== AIM OF THE EXERCISE ==
In the listing below, pick out lines with "Laredo".

+--

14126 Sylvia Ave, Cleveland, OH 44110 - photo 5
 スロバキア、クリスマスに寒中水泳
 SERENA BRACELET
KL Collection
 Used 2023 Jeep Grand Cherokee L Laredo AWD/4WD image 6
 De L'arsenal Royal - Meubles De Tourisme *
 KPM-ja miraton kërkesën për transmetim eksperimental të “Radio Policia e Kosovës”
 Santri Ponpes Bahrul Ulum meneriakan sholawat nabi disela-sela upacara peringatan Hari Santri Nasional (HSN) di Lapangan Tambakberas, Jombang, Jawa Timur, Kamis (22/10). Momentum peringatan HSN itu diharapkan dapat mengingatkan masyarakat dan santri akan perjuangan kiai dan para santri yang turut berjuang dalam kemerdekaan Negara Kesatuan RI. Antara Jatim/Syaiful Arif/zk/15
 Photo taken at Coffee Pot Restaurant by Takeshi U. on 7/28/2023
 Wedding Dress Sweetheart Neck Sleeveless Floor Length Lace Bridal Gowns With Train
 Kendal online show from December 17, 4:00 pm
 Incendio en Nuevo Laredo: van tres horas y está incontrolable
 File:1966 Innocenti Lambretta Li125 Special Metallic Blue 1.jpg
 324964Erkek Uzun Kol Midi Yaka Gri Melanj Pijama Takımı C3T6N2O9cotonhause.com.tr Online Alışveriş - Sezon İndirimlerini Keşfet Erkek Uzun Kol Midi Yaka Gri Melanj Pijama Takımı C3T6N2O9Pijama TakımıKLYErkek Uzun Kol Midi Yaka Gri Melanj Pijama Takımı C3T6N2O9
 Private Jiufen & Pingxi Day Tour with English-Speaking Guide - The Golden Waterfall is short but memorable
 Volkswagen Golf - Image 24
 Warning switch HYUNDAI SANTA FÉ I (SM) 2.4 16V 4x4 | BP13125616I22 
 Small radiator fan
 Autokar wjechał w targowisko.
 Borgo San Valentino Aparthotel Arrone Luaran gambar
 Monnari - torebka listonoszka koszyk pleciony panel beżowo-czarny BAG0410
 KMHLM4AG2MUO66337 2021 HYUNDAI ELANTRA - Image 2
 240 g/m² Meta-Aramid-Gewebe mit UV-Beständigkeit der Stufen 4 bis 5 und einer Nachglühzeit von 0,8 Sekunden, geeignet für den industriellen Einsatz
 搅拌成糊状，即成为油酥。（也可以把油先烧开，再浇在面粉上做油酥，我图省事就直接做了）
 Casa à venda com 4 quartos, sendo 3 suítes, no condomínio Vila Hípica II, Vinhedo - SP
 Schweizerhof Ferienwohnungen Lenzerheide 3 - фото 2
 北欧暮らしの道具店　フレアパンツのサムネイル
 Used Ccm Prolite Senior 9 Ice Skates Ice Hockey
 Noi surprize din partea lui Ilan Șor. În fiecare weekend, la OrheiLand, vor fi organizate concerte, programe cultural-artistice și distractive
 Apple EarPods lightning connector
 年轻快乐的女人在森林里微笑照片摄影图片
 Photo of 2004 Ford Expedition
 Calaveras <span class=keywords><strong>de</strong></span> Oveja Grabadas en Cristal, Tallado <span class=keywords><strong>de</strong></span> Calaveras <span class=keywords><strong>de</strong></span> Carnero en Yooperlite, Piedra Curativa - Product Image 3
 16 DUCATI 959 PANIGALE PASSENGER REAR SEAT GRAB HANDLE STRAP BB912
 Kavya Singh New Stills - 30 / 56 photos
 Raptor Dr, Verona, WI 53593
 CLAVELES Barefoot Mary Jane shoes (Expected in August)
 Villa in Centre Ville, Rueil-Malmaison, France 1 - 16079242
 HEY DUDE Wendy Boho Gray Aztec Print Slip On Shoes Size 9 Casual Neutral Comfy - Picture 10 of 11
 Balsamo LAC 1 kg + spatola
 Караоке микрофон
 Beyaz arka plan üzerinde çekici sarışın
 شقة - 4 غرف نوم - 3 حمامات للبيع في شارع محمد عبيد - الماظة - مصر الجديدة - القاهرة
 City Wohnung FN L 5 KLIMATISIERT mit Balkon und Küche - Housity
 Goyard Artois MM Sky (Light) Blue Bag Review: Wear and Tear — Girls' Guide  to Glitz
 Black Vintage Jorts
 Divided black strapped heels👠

+--

== PROBLEM SOLUTION ==
 Used 2023 Jeep Grand Cherokee L Laredo AWD/4WD image 6
 Incendio en Nuevo Laredo: van tres horas y está incontrolable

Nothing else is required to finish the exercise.